Namur : la capitale garde le cap
Avec ses 668 commerces, Namur reste le poids lourd commercial de la province et même en Wallonie, classée tout juste derrière Liège (1148 commerces) et bien devant Tournai en troisième position (417). Si son taux de vacance grimpe de 17,2 % à 18,7 %, la ville se maintient malgré tout en dessous de la moyenne wallonne. « Il y a encore beaucoup de magasins et d’équipements dans le centre-ville, ce qui permet à Namur de rester relativement attractif », complète Erwan Leliveld, chargé de projet et analyste marketing à l’AMCV.
Namur semble tirer son épingle du jeu. Loin des grandes enseignes qui s’installent en périphérie pour bénéficier de parkings gratuits, la capitale wallonne conserve un équilibre intéressant entre proximité (32 %), shopping (27,5 %) et horeca (29,9 %). Contrairement à de nombreuses Communes qui abandonnent progressivement le shopping. « À l’échelle de la province, le phénomène prend de l’ampleur, avec des villes comme Andenne où 52 % des commerces sont dédiés à la proximité », relève l’analyste. Namur se maintient et se positionne comme la 4eville la plus attractive pour ce type de commerce. « Dans l’hypercentre, les artères phares comme la rue de l’Ange et la rue de Fer réduisent leur taux de vacance à 10,6 %, contre 14,1 % en 2023. » Preuve que le cœur de Namur bat encore, et pas juste au rythme des cafés et des restaurants.
Ciney : petite ville, grands progrès
Ciney joue dans la cour des grands avec une réduction impressionnante de son taux de cellules vides, passant de 23,4 % à 18 %. Avec 170 commerces, la proximité (47,6 %) mène la danse, suivie par l’horeca (26,5 %) et le shopping (19,4 %). À l’instar de Namur, la ville a compris qu’il fallait revitaliser le cœur de ville plutôt que de repousser les commerces à la périphérie. La clé du succès? « Ils ont adopté une nouvelle politique pour le centre-ville, et ça a l’air de bien fonctionner puisque le taux de cellules vides a baissé de plus de 5 % », note Erwan Leliveld.

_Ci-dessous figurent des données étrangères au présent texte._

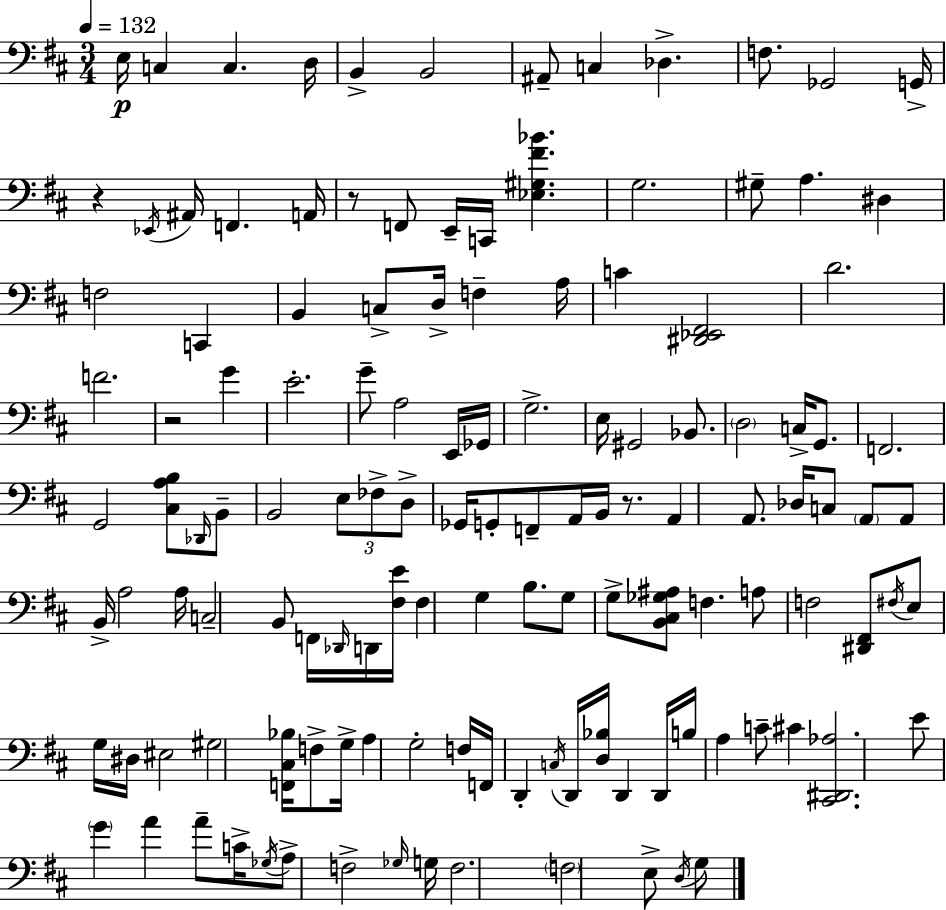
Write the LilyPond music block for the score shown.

En effet, au lieu d’implanter de nouveaux commerces en périphérie, la ville a choisi de revitaliser son cœur de ville.
Mais Ciney ne se repose pas sur ses lauriers. « Ils organisent de nombreuses activités qui attirent de plus en plus de monde au centre-ville. » Cette combinaison d’initiatives commerciales et d’animations dynamise le commerce local, faisant de la ville un « bon élève » du paysage wallon.
Beauraing : la progression mesurée
Avec une baisse de son taux de vacance (de 24,4 % à 21,6 %), Beauraing montre des signes encourageants mais reste tout de même au-dessus de la moyenne wallonne (20,9 %). Avec 68 commerces, la proximité (50 %) reste ultra prédominante, suivie de l’horeca (23,5 %) et du shopping (19,1 %).

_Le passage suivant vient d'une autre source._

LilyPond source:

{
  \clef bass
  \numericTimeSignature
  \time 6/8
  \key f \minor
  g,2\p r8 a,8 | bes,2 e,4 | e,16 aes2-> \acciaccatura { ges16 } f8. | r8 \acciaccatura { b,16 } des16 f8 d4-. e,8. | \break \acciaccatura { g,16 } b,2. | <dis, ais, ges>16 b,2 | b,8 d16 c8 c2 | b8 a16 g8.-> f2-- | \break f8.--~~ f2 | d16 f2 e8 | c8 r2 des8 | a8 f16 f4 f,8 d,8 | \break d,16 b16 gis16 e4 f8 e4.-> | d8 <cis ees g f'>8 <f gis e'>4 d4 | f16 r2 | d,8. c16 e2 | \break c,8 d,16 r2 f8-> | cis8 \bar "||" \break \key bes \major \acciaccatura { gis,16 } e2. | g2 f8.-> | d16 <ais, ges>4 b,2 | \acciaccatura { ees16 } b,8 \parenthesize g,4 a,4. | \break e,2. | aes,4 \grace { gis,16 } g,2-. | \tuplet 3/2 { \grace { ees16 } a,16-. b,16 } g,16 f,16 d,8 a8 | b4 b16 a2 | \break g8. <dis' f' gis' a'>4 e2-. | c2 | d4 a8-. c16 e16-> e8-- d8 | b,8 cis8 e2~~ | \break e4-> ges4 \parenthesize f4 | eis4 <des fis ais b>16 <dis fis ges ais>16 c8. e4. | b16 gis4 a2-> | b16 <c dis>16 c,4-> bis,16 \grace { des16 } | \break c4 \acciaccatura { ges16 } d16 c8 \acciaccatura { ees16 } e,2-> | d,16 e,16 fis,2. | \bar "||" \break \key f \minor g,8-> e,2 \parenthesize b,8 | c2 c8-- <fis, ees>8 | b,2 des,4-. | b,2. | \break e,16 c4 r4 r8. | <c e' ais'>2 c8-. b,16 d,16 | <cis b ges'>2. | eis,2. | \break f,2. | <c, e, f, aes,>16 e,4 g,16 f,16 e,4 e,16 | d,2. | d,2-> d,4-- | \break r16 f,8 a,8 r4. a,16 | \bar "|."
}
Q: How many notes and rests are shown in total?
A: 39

Erwan Leliveld souligne que ces chiffres peuvent être dus à l’ouverture de nouveaux commerces plutôt qu’à une véritable fermeture des anciens. « Le périmètre est plus petit, ce qui fait que les taux peuvent varier plus rapidement« , précise-t-il, tout en rappelant que les perspectives restent encore fragiles.

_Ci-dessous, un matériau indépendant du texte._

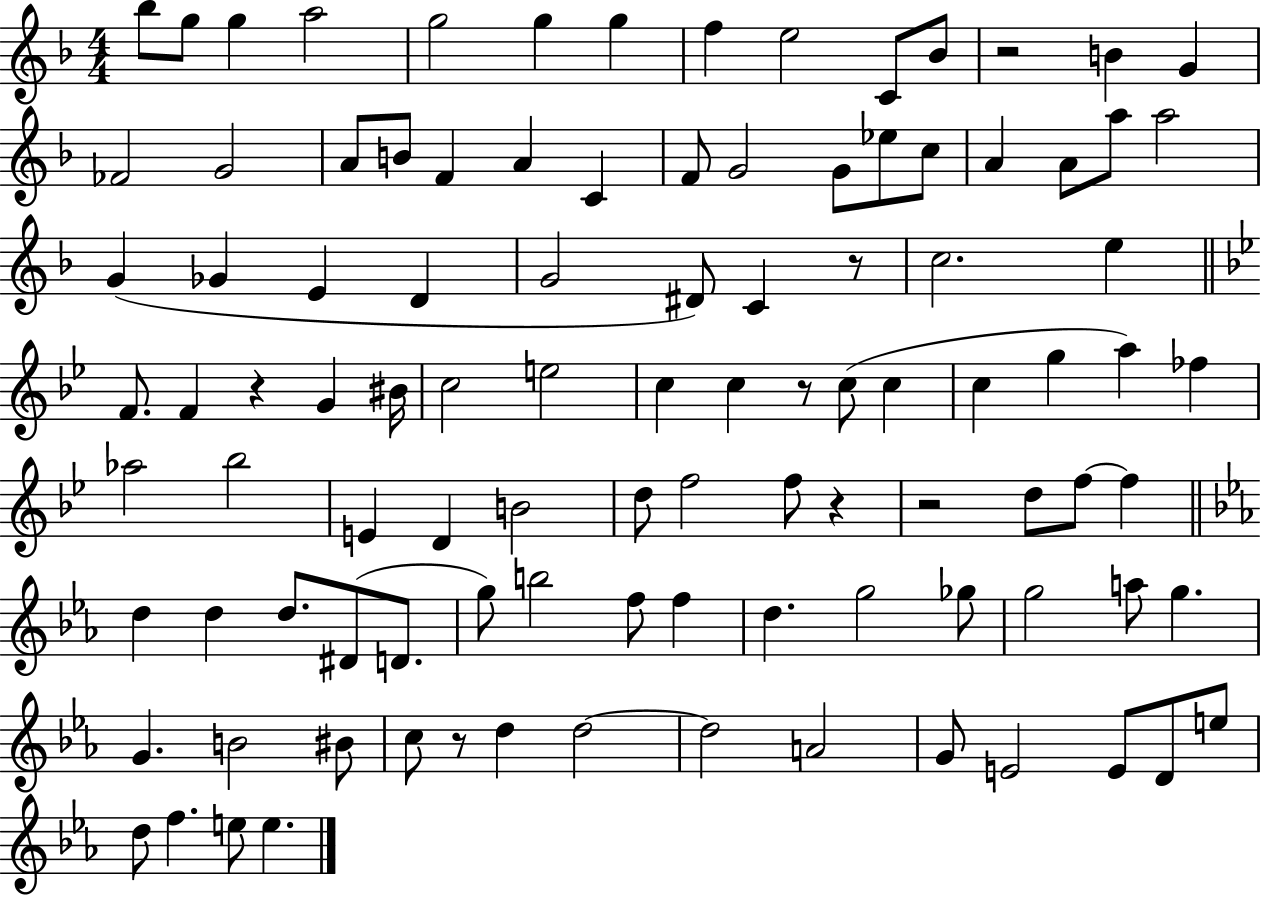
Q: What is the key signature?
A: F major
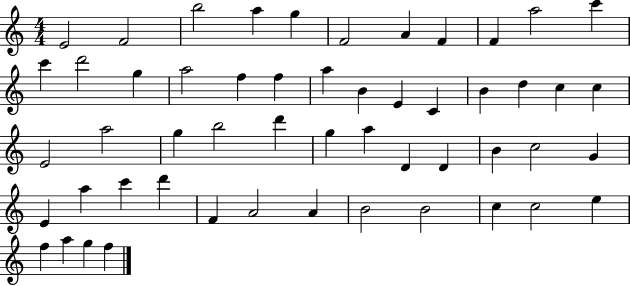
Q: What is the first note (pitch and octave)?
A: E4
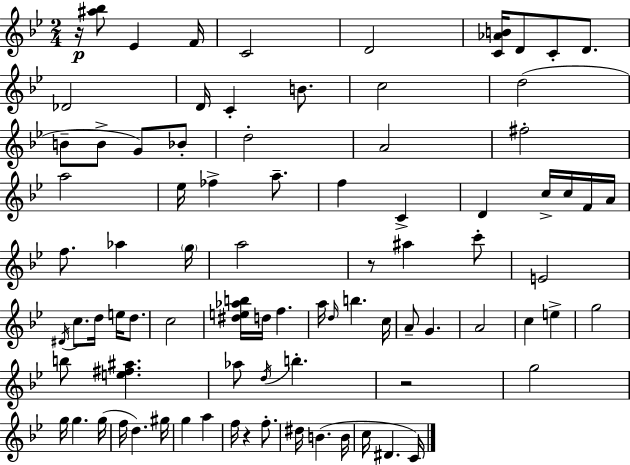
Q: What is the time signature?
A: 2/4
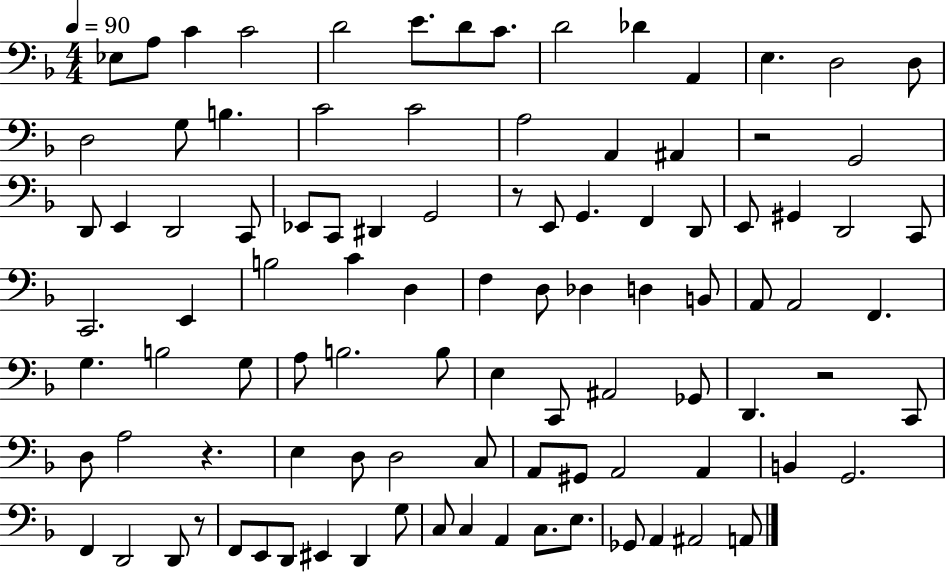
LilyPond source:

{
  \clef bass
  \numericTimeSignature
  \time 4/4
  \key f \major
  \tempo 4 = 90
  ees8 a8 c'4 c'2 | d'2 e'8. d'8 c'8. | d'2 des'4 a,4 | e4. d2 d8 | \break d2 g8 b4. | c'2 c'2 | a2 a,4 ais,4 | r2 g,2 | \break d,8 e,4 d,2 c,8 | ees,8 c,8 dis,4 g,2 | r8 e,8 g,4. f,4 d,8 | e,8 gis,4 d,2 c,8 | \break c,2. e,4 | b2 c'4 d4 | f4 d8 des4 d4 b,8 | a,8 a,2 f,4. | \break g4. b2 g8 | a8 b2. b8 | e4 c,8 ais,2 ges,8 | d,4. r2 c,8 | \break d8 a2 r4. | e4 d8 d2 c8 | a,8 gis,8 a,2 a,4 | b,4 g,2. | \break f,4 d,2 d,8 r8 | f,8 e,8 d,8 eis,4 d,4 g8 | c8 c4 a,4 c8. e8. | ges,8 a,4 ais,2 a,8 | \break \bar "|."
}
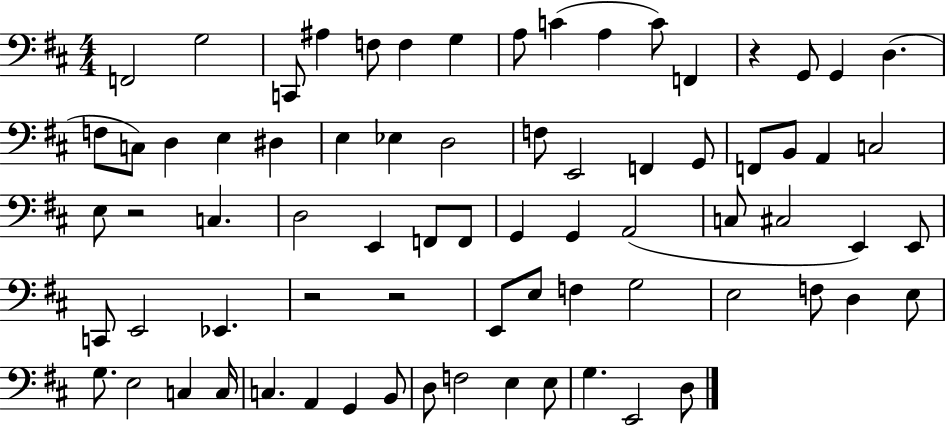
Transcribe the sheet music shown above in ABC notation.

X:1
T:Untitled
M:4/4
L:1/4
K:D
F,,2 G,2 C,,/2 ^A, F,/2 F, G, A,/2 C A, C/2 F,, z G,,/2 G,, D, F,/2 C,/2 D, E, ^D, E, _E, D,2 F,/2 E,,2 F,, G,,/2 F,,/2 B,,/2 A,, C,2 E,/2 z2 C, D,2 E,, F,,/2 F,,/2 G,, G,, A,,2 C,/2 ^C,2 E,, E,,/2 C,,/2 E,,2 _E,, z2 z2 E,,/2 E,/2 F, G,2 E,2 F,/2 D, E,/2 G,/2 E,2 C, C,/4 C, A,, G,, B,,/2 D,/2 F,2 E, E,/2 G, E,,2 D,/2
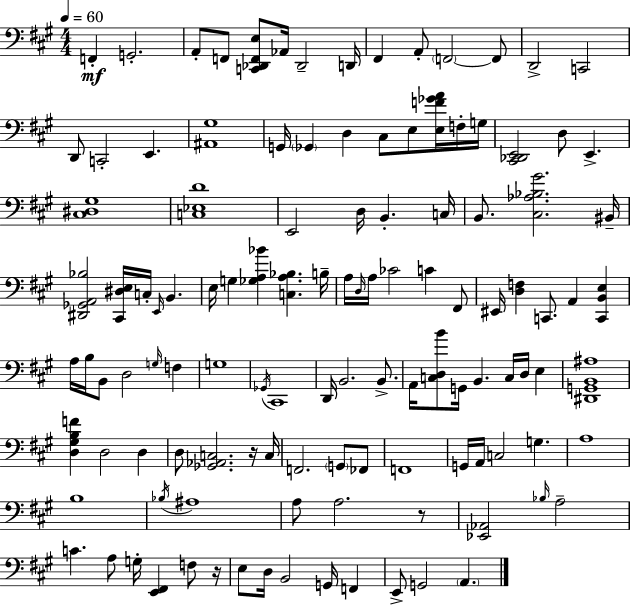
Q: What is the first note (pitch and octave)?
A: F2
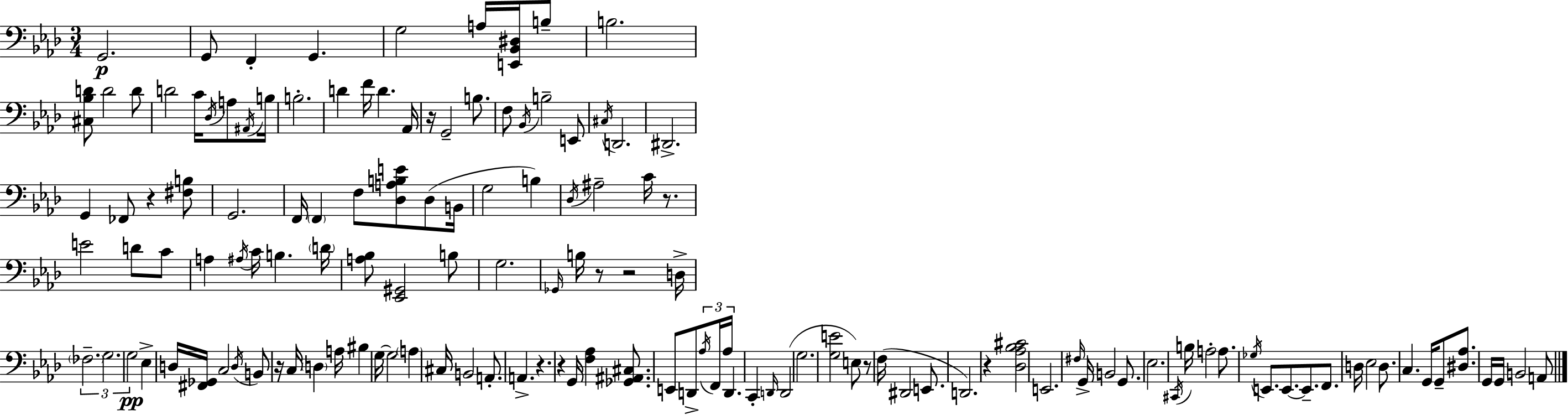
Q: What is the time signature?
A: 3/4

Andenne : le surplace économique
Avec 140 commerces et un taux de vacance stable à 20,9 % (20,7 % en 2023), Andenne donne l’illusion de la stabilité. La proximité domine (à 52,1 %), mais le manque de dynamisme du shopping (16,4 %) et de l’horeca (24,3 %) freine toute ambition. « Le fait de se retrouver entre Namur et Huy ce n’est pas évident. D’autant qu’il y a de nombreux zonings extérieurs à Andenne. »
Dinant : l’hémorragie commerciale
Malgré son potentiel touristique, Dinant s’enfonce avec un taux de vacance atteignant 28,2 % (26,1 % en 2023 et 21 % en 2022). Elle se classe dans le fond du panier wallon en 31eposition (sur 35). « La situation de Dinant est typique de la ville touristique », explique l’analyste.
Avec seulement 150 commerces, le shopping (16,7 %) est à la traîne, tandis que l’horeca (44 %) sauve les apparences. « Les touristes ne consomment pas comme les habitants, souligne Erwan Leliveld. Les visiteurs, s’ils sont nombreux, privilégient les activités extérieures telles que les croisières ou les visites touristiques, au détriment du shopping. » Une situation inquiétante pour les commerçants locaux, dont les magasins se retrouvent désertés au profit des bars et restaurants. « Je pense que là, il faut sans doute tout repenser et pas forcément au niveau de la dynamique commerciale. Il faut inclure la dimension urbanistique désormais pour comprendre comment faire vivre les artères du centre-ville. » Au risque de devenir une simple carte postale pour touristes…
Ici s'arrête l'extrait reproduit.